Review: Science Fiction: “An Incident on Route 12” by James H. Schmitz

@msiduri (5687)
United States
May 14, 2017 7:26am CST
Phil Garfield has a plane to catch. Madge is waiting for him at a private airfield. The rendezvous isn’t romantic, but has more to do with with the suitcase on the front seat of Phil’s Packard and the $35,000 in it. Some thirty miles south of the little town of Redmon on Route 12, the car starts making funny noises. It coasts to stop and ceases making noise. Phil is no mechanic. The Packard is useless as transportation, but maybe not as bait. Phil needs a car. When Phil thinks of the bank guard, and begins remembering how he made a clumsy play at being a hero, and how that set that fool of a woman off, running into their line of fire, the reader knows this isn’t going to end well for Phil. And it doesn’t. But it is funny. He gets what he deserves in a cosmic way. I rather enjoyed this short tale. It wasn’t going to be too much of a surprise, but the ending came with some humor. Not all the money in the world will be doing him any good. Any Madge is probably starting to think he skipped out on her. Author James H. Schmitz was born in Hamburg, Germany and grew up speaking both German and English.

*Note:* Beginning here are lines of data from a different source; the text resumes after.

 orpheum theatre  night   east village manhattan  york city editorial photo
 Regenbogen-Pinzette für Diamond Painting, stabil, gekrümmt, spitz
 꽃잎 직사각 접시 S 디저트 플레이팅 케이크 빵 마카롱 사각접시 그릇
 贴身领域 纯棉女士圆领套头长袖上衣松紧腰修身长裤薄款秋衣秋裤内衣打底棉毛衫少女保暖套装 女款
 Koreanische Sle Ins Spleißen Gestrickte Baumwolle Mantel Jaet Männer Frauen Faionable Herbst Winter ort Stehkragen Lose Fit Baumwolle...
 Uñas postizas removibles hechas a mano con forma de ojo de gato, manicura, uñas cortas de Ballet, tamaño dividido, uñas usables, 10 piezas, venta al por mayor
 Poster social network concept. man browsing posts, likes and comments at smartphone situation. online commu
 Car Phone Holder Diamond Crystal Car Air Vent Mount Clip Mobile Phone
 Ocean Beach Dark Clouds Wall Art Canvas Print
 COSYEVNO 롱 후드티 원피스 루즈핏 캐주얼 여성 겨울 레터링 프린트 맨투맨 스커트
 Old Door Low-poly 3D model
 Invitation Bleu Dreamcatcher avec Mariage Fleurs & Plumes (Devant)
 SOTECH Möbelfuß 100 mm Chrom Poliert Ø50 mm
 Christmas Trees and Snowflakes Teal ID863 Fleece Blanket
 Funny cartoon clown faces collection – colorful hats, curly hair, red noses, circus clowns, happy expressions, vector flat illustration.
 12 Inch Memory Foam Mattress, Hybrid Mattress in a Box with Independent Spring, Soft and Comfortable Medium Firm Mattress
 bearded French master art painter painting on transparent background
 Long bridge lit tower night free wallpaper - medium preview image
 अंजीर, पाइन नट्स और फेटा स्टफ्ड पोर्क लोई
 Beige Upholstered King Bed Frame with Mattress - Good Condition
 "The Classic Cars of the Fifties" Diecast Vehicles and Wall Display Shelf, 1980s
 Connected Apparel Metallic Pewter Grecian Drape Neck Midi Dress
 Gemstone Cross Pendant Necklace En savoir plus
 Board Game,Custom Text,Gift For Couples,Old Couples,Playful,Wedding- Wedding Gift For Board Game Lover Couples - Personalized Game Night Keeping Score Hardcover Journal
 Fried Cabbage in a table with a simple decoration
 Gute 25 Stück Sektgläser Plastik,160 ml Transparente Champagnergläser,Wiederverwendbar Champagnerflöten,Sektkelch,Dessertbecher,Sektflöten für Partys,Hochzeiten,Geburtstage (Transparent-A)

His family spent time in the United States and Germany. He worked for International Harvester in Germany between the world wars and left Germany before the outbreak of World War II. During the war, he served in the U.S. Army as an aerial photographer. His writing, which spans from the 40s, and into the 70s, is characterized as space opera, but with surprisingly strong female characters. No damsels in distress for him. This story is available from Project Gutenberg: _____ Title: “An Incident on Route 12” Author: James H. Schmitz (1911-1981) First published: If, January 1962 Source: ISFDB
https://www.gutenberg.org/ebooks/21897
2 people like this
2 responses
@teamfreak16 (43421)
• Denver, Colorado
14 May 17
Entertaining little story. I liked that little second to the last paragraph.
1 person likes this
@msiduri (5687)
• United States
15 May 17
Made me look. Yeah, the "uh-oh" moment.
1 person likes this
@JohnRoberts (109857)
• Los Angeles, California
14 May 17
Schmitz is a typical pulp fiction era writer cranking them out for a living.
1 person likes this
@msiduri (5687)
• United States
14 May 17
Yes. Some are better than others. The ending was not a surprise, but it was fun. Set up the main character as a heartless killer and you know he's going to come to a bad end. It's just a matter of how.